Fertility rate drops in J&K to lowest in India

Highest reduction over past 5 years among all states, UTs; late marriages one reason, says LD Hospital doctor

Srinagar: With better health care facilities, education, awareness, and financial status, mothers in Jammu and Kashmir have dropped the level of fertility, the number of children they give birth to, to the lowest in the country.
According to the data of the latest National Health Survey, in 2019-21, the fertility level in J&K was recorded at 1.4, which means that a woman here gives birth to less than two babies in her lifetime. As per the data, this fertility rate was 3.6 in 1991, 2.3 in 2007, 2,0 in 2015-16, and now 1.4 in 2019-20.
Across the country, the drop in the fertility rate is the highest in J&K, at 0.6, with the second in the list the states of Chhattisgarh, Bihar and Rajasthan where the fertility rate dropped by 0.4 since the last survey in 2015-16.
The national average fertility rate is 2.0 according to the new survey, with the highest in Bihar at 3.0.
This is despite the fact that there is great veneration of motherhood in Jammu and Kashmir, given its religious and cultural deification. In Kashmir, as soon as a girl crosses her twenties, her parents start looking for a match. Earlier the marriages happened much quicker, but over the years the age of marriage has increased.
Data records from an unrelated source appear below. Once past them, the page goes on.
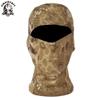 SINAIRSOFT Tactical Airsoft Full Face Mask Balaclava Hood Headwear Motorcycle Hunting CS (Desert Crepe) view 2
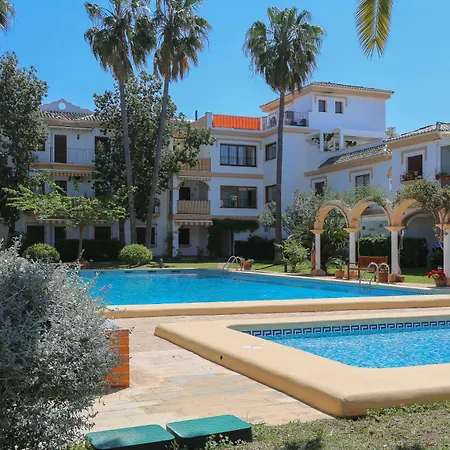 Retiro Sol - El Patio Block 3 1 Apartman Denia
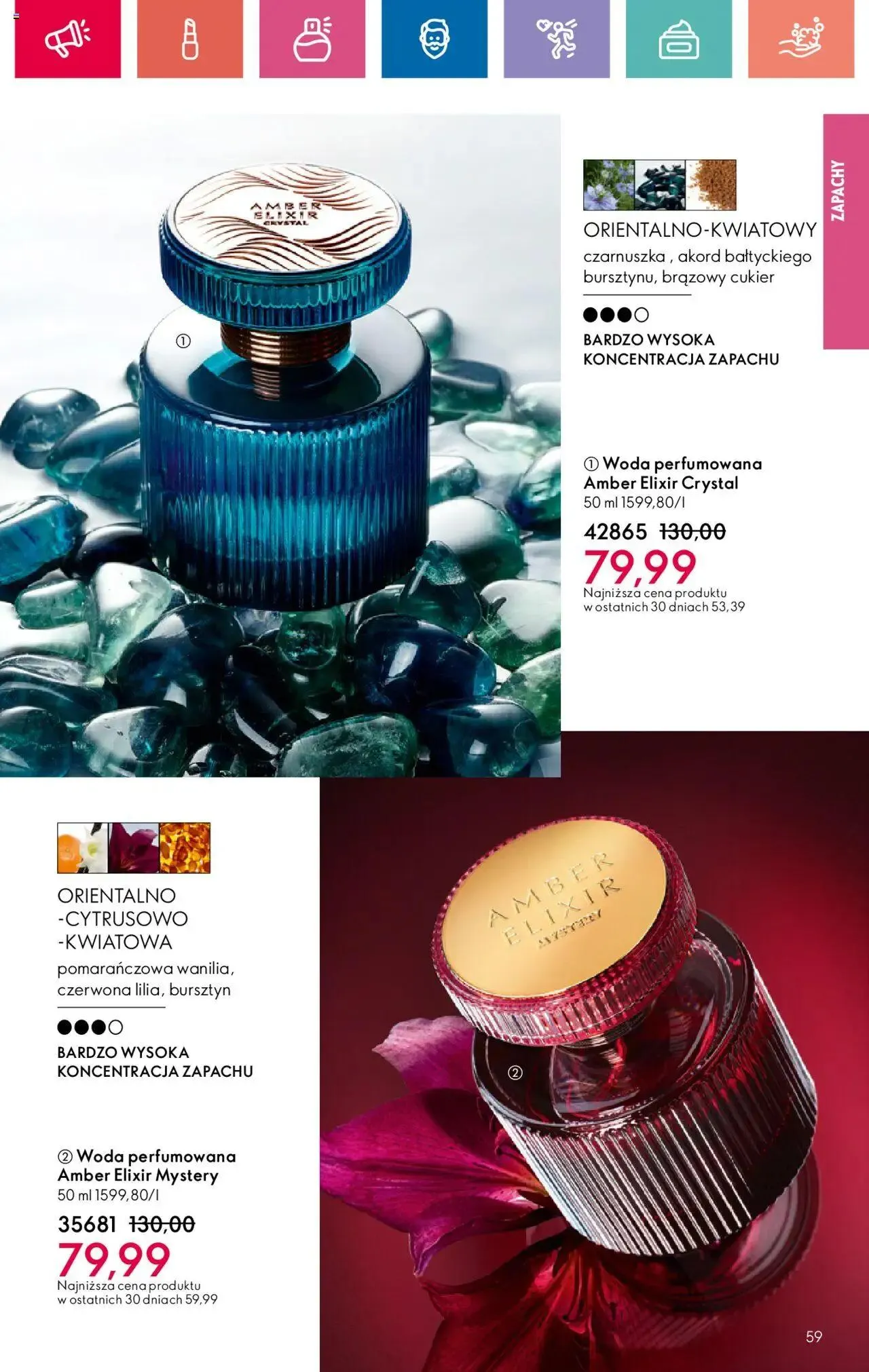 Gazetka Oriflame Katalog Black Friday od 10 listopada do 30 listopada 2024 - Strona 59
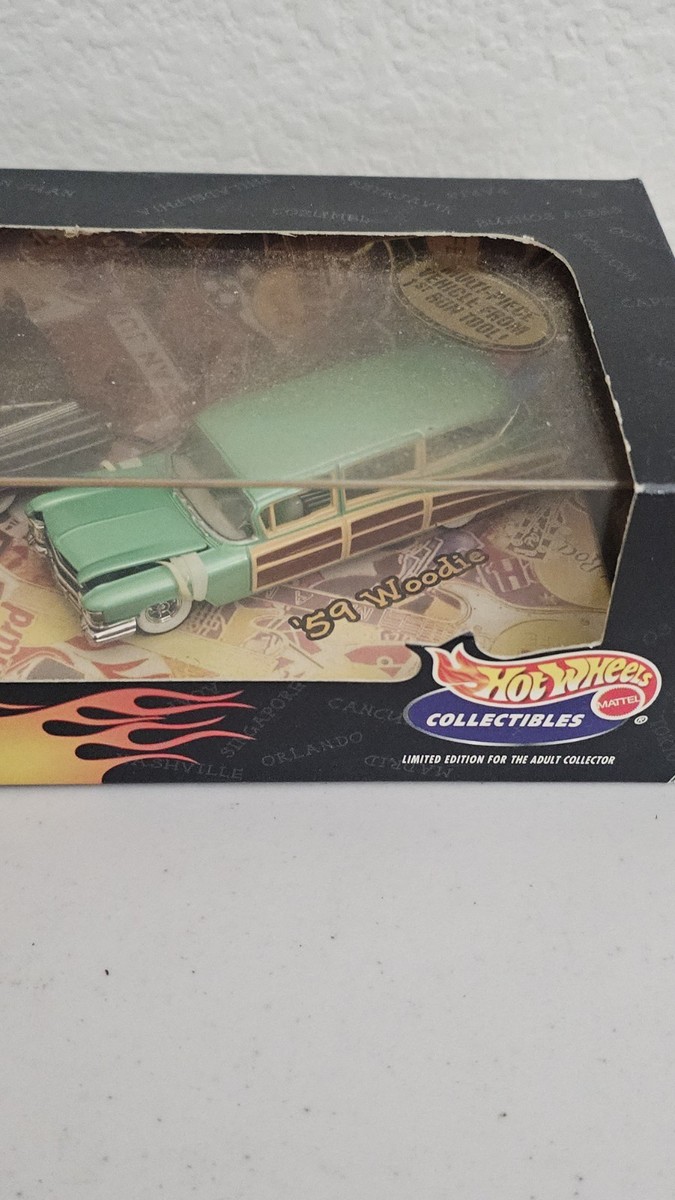 Hot Wheels 20977 Car of the Hard Rock Cafe Car Set Cool Classic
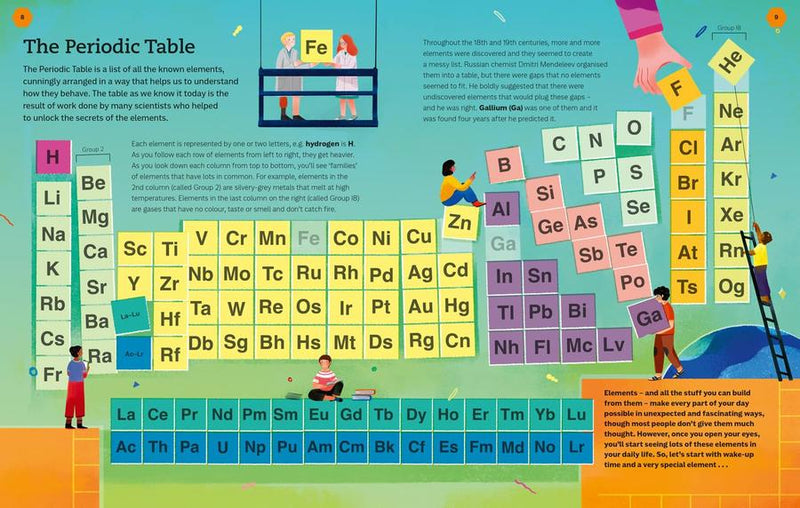 Elements of the Day (Samantha Lewis)-Children’s / Teenage general interest: Science and technology-買書書 BuyBookBook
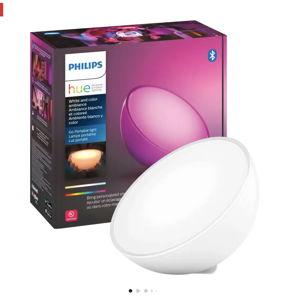 Philips - Hue Go Bluetooth Table Lamp - White and Color Ambiance - Open Box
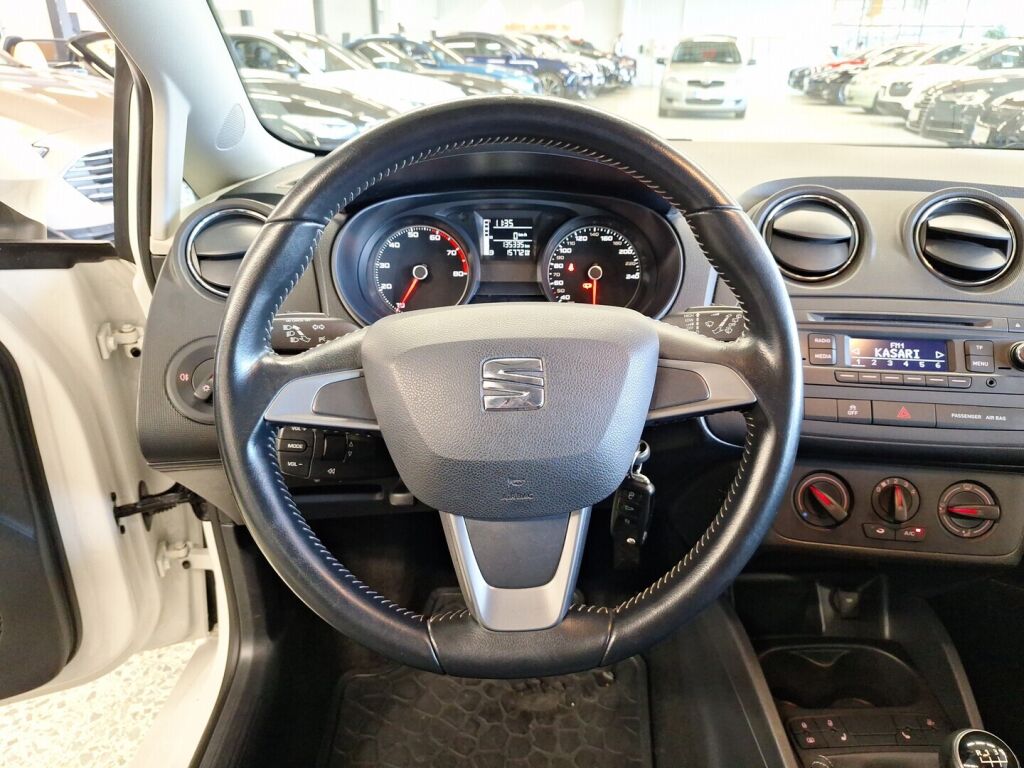 Seat Ibiza ST 2015 Valkoinen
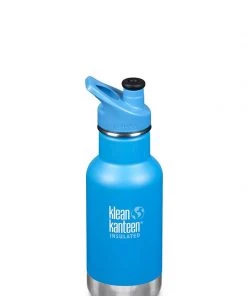 Klean Kanteen Insulated Kid Classic (355ml) - Pool Party Blue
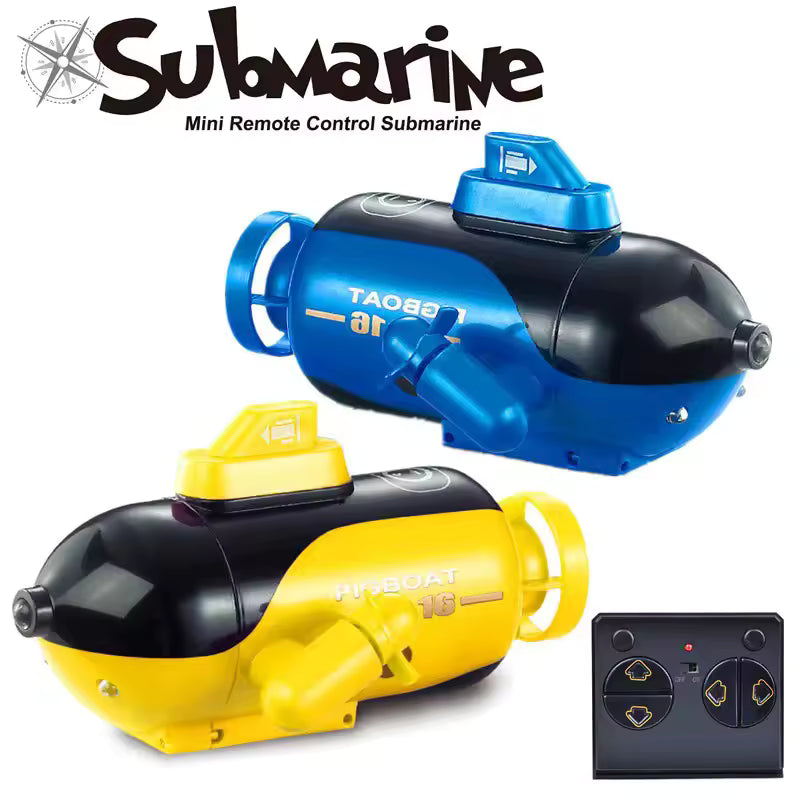 Underwater Remote Control Car – Mini RC Paddle Boat with Wireless Charging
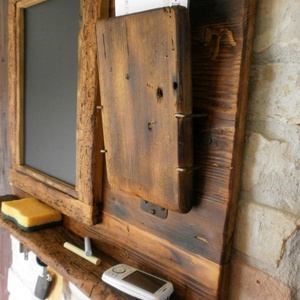 Szúrágta krétatábla, üzenőfal -  - Meska.hu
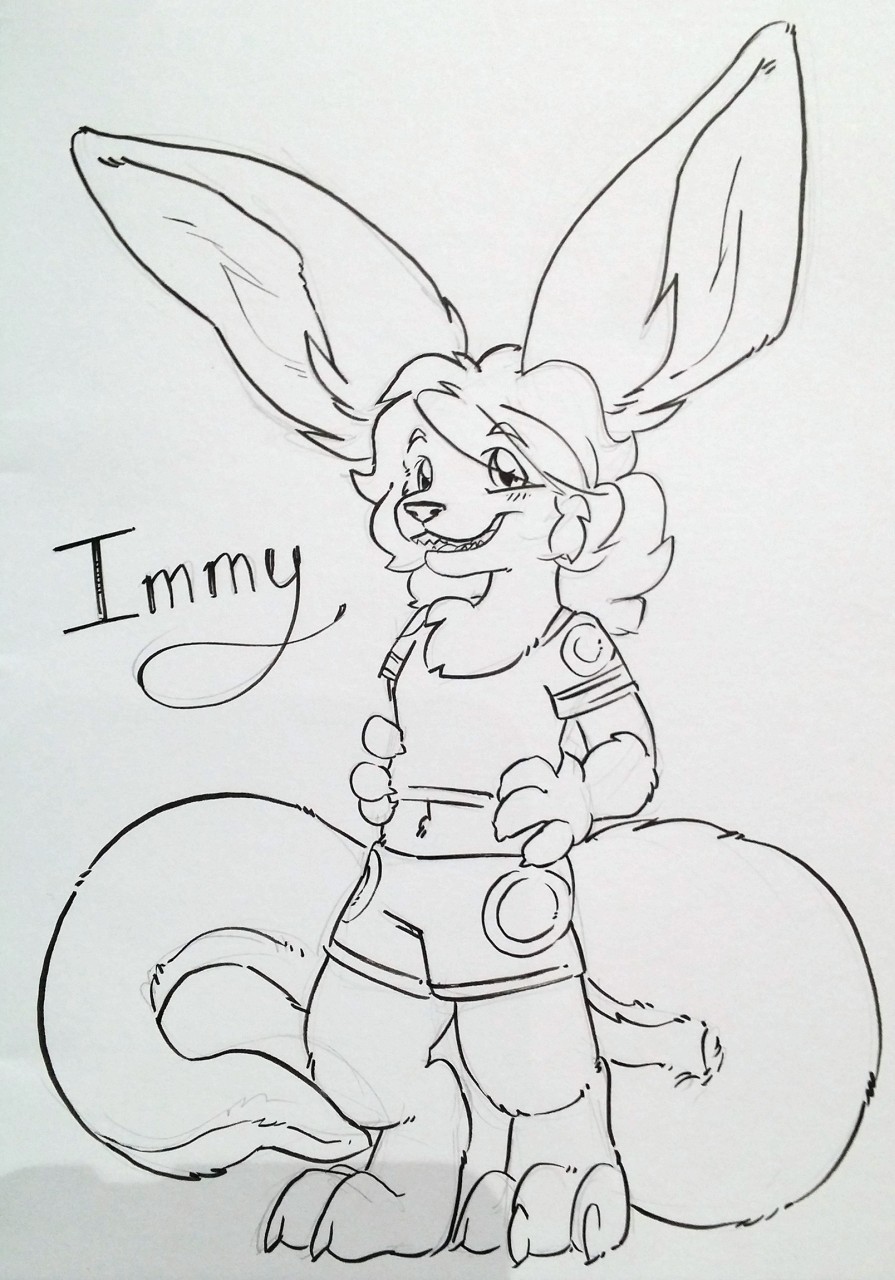 CFz Art - Happy Immy's Ears and Tail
The health care system has also been getting better in J&K. Infant Mortality Rate, deaths per 1000 live births, has been significantly lowered – 14 deaths down, from 34 to 20, in the past six years. This has brought J&K to seventh rank among all states and UTs, with 10 deaths less than the all-India average.
Neonate mortality rate, too, has gotten better. In 2017, an average of more than 17 neonates would die per 1000 births at Lal Ded Hospital, the premier maternity hospital in Kashmir, catering to 30 percent of the overall patients. Four year later in 2021, the rate has gone down to nearly 7 out of 1000, a decrease of more than 10 percent.
There is significant improvement in health care delivery with addition of new machinery, hospitals, human resources and accountability.
Dr Nighat Saleem, gynaecologist at the LD hospital, told Kashmir Reader that largely, food habits, environmental factors, and late marriages are the causes for the drop in fertility rates among women in Kashmir. Dr Nighat, who has been examining expecting mothers for more than a decade, said that junk food consumed since childhood has a tremendous impact on the health of a woman.
“This has changed everything about the biology of a woman,” she said. “They come up with PCOD disorder at ages as young as 11, leaving them with lifelong problems. Late marriage is another reason, as the woman does not remain as healthy by the time and thus fails to conceive,” Dr Nighat said.